• **TASK DIRECTIONS**:
Repeat the line that contains "Professor de escola" exactly, along with each following line up to and including the last line of the entries.

■ ■ ■

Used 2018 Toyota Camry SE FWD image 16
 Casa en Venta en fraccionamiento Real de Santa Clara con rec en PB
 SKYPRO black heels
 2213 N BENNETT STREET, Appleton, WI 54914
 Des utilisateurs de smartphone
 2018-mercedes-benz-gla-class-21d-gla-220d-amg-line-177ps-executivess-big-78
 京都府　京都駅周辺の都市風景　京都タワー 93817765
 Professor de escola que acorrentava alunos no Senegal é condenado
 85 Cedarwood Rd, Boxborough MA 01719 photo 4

■ ■ ■

• **EXERCISE SOLUTION**:
 Professor de escola que acorrentava alunos no Senegal é condenado
 85 Cedarwood Rd, Boxborough MA 01719 photo 4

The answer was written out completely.